Per l'Italia, si considerano come provenienti dai celebri antri dei Balzi Rossi; presso Mentone, cinque statuette femminili e un frammento, tutte di steatite. Non essendosi ottenute da uno scavo regolare, se ne contestò la pertinenza: comunque esse si legano così strettamente alle precedenti, che non potrebbe negarsene né l'autenticità nè l'attribuzione all'arte aurignaciana: colpisce la loro rassomiglianza con l'idolo di Lespugne.

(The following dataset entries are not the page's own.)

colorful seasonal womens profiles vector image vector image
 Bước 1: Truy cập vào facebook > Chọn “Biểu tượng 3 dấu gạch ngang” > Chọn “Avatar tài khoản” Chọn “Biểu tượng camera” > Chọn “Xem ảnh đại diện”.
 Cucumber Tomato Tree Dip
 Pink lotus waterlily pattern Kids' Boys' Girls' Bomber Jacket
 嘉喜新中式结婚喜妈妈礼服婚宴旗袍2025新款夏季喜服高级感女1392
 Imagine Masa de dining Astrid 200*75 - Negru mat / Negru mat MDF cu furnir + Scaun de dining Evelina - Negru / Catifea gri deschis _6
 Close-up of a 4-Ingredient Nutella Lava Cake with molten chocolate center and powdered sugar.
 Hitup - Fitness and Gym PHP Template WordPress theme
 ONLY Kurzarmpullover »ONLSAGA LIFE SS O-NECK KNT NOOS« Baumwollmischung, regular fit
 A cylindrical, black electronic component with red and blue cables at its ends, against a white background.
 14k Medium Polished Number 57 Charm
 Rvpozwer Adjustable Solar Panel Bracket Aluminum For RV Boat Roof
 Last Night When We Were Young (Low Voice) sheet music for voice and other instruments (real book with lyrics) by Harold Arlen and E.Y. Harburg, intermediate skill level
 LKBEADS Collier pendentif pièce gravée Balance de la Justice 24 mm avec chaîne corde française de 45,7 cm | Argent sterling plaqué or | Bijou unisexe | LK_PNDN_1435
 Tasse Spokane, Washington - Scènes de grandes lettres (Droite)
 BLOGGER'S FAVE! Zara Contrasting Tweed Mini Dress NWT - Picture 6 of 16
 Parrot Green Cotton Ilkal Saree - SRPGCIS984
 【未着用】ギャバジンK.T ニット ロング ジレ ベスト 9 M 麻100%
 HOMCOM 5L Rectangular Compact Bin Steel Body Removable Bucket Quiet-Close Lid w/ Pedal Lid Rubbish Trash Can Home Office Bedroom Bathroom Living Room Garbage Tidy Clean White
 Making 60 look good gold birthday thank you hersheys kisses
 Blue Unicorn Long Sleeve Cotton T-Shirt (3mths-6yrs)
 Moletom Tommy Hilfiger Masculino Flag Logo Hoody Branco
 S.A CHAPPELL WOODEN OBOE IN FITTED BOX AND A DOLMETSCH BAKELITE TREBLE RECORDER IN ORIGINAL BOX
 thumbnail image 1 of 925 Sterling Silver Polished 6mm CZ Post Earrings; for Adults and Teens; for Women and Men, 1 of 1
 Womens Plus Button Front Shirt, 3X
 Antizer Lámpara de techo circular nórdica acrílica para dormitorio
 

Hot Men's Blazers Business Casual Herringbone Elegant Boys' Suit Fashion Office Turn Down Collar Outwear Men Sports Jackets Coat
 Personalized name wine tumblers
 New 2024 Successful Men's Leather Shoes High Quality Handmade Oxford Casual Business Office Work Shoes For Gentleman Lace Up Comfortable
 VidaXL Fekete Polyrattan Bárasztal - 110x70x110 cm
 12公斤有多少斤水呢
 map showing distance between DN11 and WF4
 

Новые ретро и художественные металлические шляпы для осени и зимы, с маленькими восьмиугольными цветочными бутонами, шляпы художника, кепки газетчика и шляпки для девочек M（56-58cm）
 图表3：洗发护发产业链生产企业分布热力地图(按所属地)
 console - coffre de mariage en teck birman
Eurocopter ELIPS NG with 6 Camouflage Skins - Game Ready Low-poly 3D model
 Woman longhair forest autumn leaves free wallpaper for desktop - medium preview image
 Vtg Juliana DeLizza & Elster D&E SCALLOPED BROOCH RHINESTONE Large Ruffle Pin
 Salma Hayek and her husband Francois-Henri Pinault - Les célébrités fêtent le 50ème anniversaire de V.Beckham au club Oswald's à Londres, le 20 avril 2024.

Intorno al 1922 il Graziosi donava al museo preistorico di Roma un idoletto trovato, facendosi uno scasso, a Savignano sul Panaro (Modena), idoletto che sollevò molte discussioni. È di serpentino steatitoso ed è il maggiore dei finora noti, raggiungendo cm. 22,5. È figura femminile steatopigica, senza testa distinta. In suo luogo, l'estremità cefalica si appunta a guisa di cono; manca di braccia; termina ai ginocchi. Giustamente fu ritenuta affine alle precedenti, ma il saggio di scavo non dette risultato.
Le sculture aurignaciane sono quasi sempre femminili, steatopigiche.
Gli aurignaciani conobbero anche l'incisione e la praticarono sulle pareti di talune grotte o su ciottoli.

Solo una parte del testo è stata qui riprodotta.